AFFAIRE : N° RG N° RG 22/00297 - N° Portalis DBWB-V-B7G-FVJS

Code Aff. :AP

ARRÊT N°

ORIGINE :JUGEMENT du Pole social du TJ de SAINT-DENIS en date du 02 Février 2022, rg n° 20/731

COUR D'APPEL DE SAINT-DENIS

DE LA RÉUNION

CHAMBRE SOCIALE

ARRÊT DU 29 JUIN 2023

APPELANTE :

Monsieur [G] [P]

[Adresse 4]

[Adresse 4]

[Localité 3]

Représentant : Me Christian AUJOULAT, avocat au barreau de LYON, Substitué par Me Cécile MAIRUANO, avocate au barreau de Saint-Denis de la Réunion

INTIMÉ :

Organisme CAISSE GENERALE DE SECURITE SOCIALE prise en la personne de son directeur en exercice

[Adresse 1]

[Localité 2]

Représentant : Me Philippe BARRE de la SELARL PHILIPPE BARRE, avocat au barreau de SAINT-DENIS-DE-LA-REUNION

DÉBATS : En application des dispositions de l'article 945-1 du code de procédure civile, l'affaire a été débattue le 25 Avril 2023 en audience publique, devant Aurélie POLICE, conseillère chargé d'instruire l'affaire, assisté de Jean-François BENARD, greffier placé, les parties ne s'y étant pas opposées.

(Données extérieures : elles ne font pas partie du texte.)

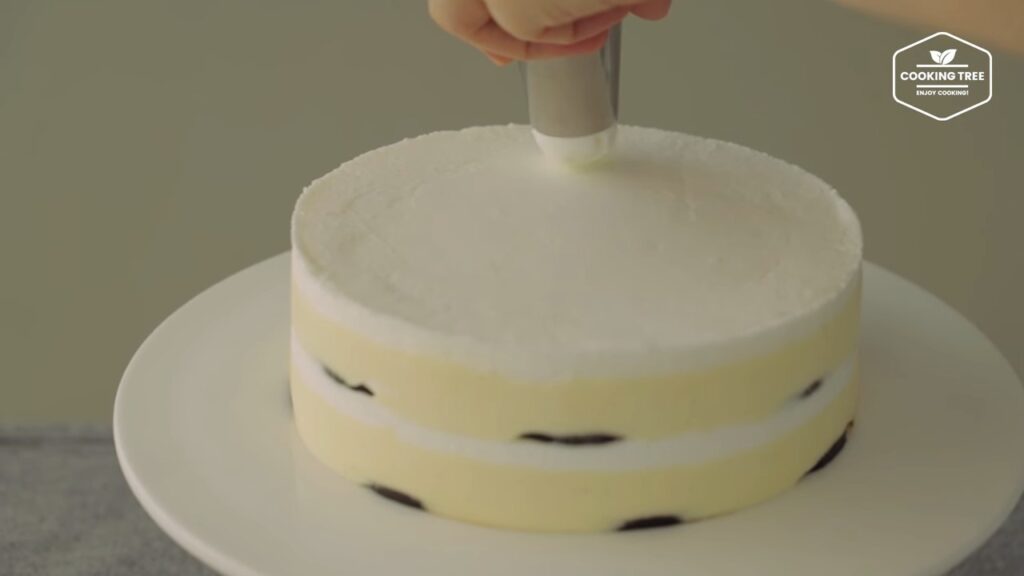 Oreo Tiramisu Recipe Cooking tree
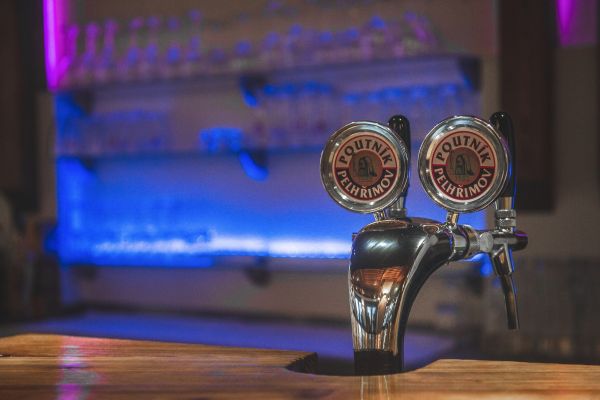 FitFarma Pelhřimov - svatby a oslavy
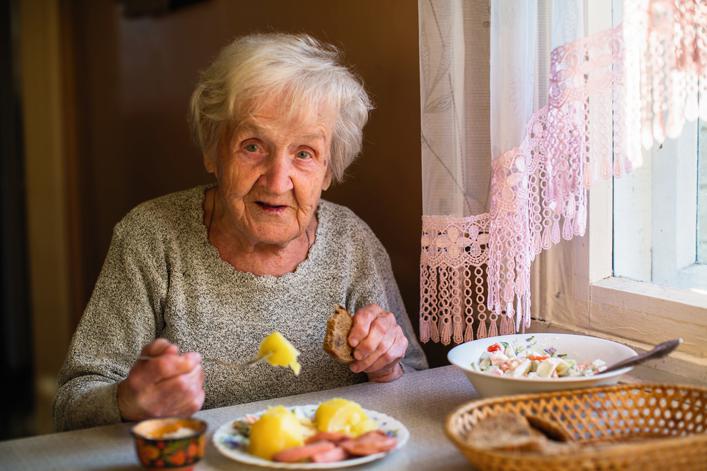 alimentacion mayores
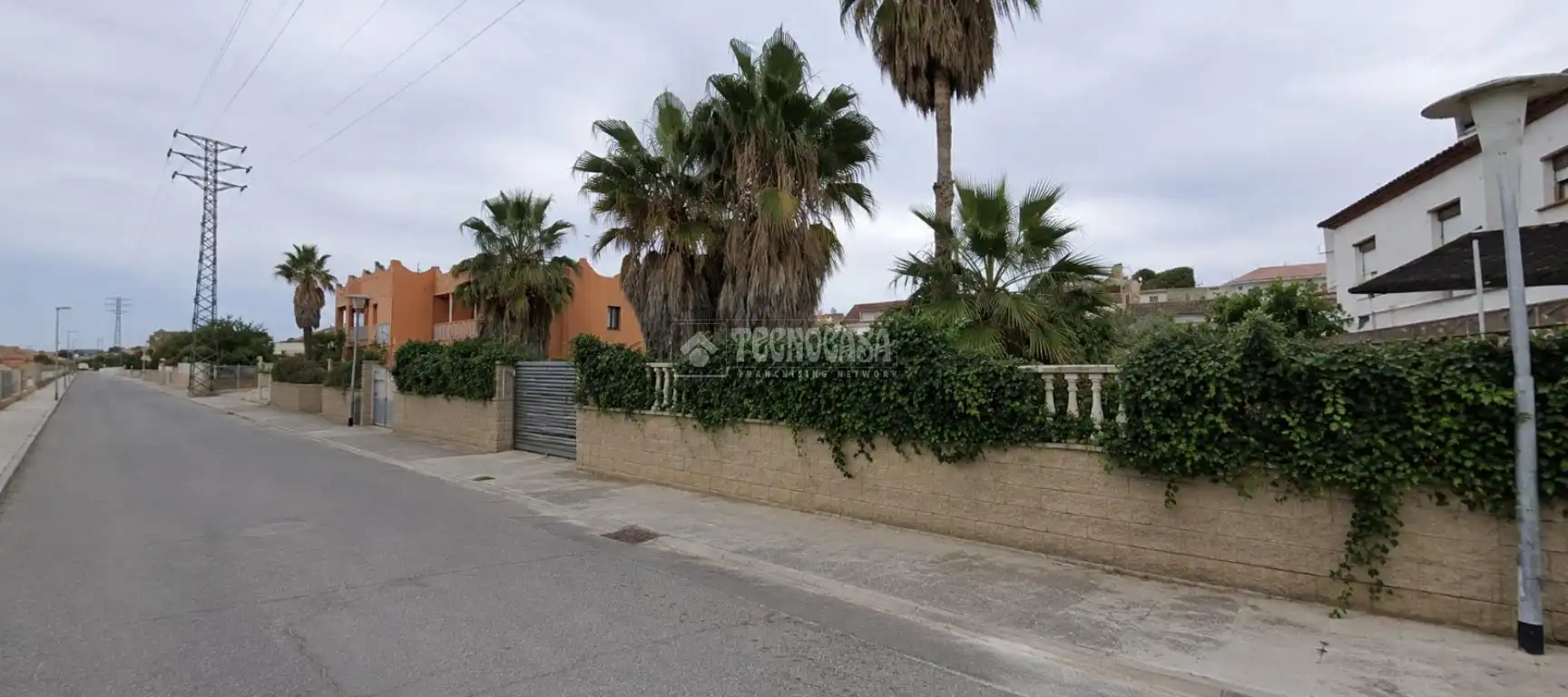 Terreno residencial en venta en Marítima Nord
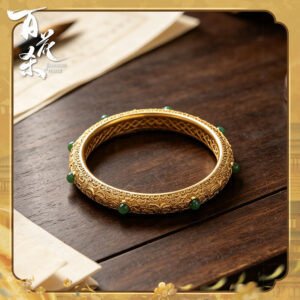 Lastest Blossoms of Power (2026) IP Official Merch Drama Style Bracelet Collection Free Shipping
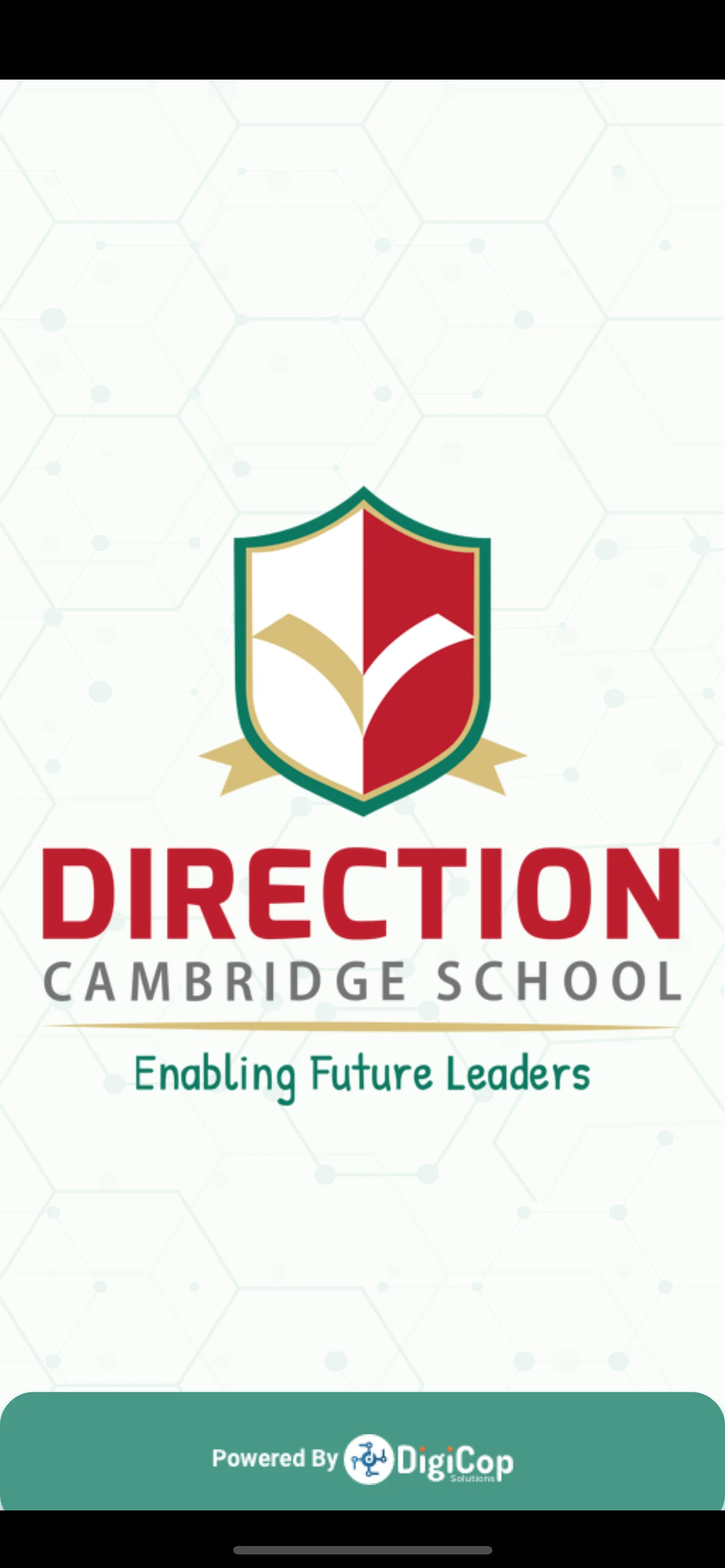 Direction School Cambridge screenshot
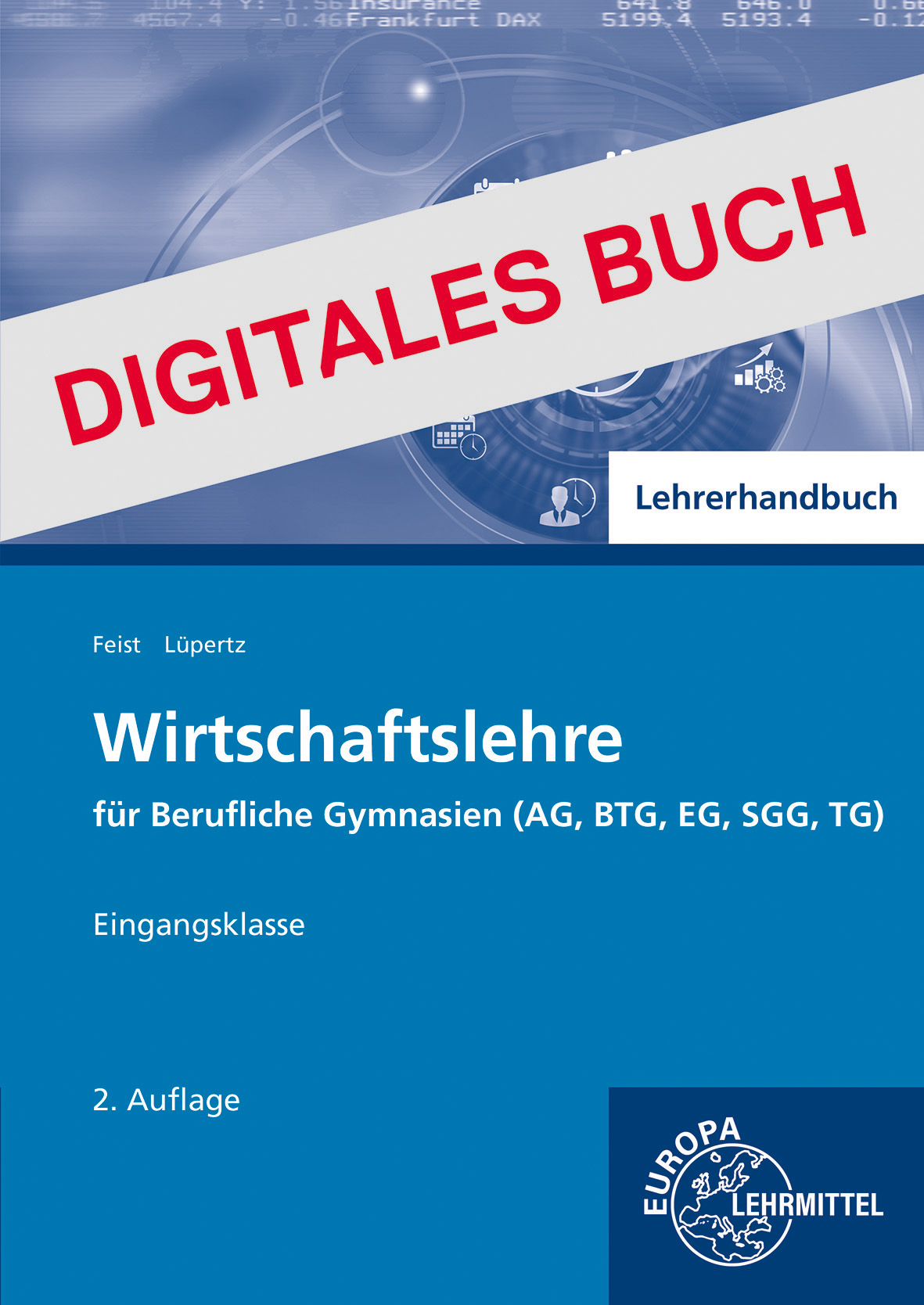 Lösungen zu 90207 - Digitales Buch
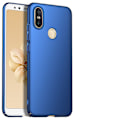 Pikkukuva 3 / 3: Durable case made from PC plastic for Xiaomi Mi A2 Svart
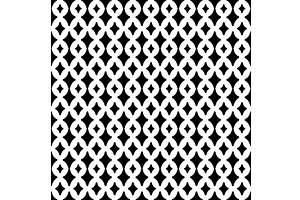 Abstract geometric seamless pattern, a Texture Illustration by LadadikArt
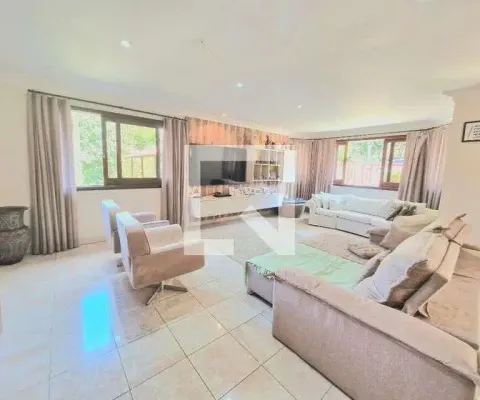 Casa para venda - condados da lagoa, 5 quartos,  1320 m² - lagoa santa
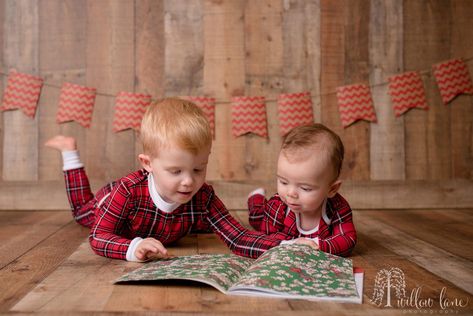 Christmas pictures, brothers, xmas, pajamas Christmas Photos Brothers, Sibling Xmas Photos, Brother Christmas Card Photo Ideas, Toddlers Christmas Pictures, 2 Boys Christmas Pictures, Christmas Brother Pictures, Christmas Card Siblings, Christmas Photo Siblings, Christmas Photo Brothers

Ce magistrat a indiqué à l'issue des débats que l'arrêt sera prononcé, par sa mise à disposition au greffe le 29 JUIN 2023;

Il a été rendu compte des plaidoiries dans le délibéré de la Cour, composée de :

Président : Laurent CALBO

Conseiller : Aurélie POLICE

Conseiller : Laurent FRAVETTE

Qui en ont délibéré

ARRÊT : mis à disposition des parties le 29 JUIN 2023

Greffier lors des débats et lors de la mise à disposition : Jean-François BENARD

* *

*

LA COUR :

Exposé du litige':

Par courrier du 19 décembre 2017, la caisse générale de sécurité sociale de La Réunion (CGSSR) a notifié à M. [P] un appel à cotisation subsidiaire maladie au titre de la protection universelle maladie (Puma) pour l'année 2016 à hauteur de 59 728 euros.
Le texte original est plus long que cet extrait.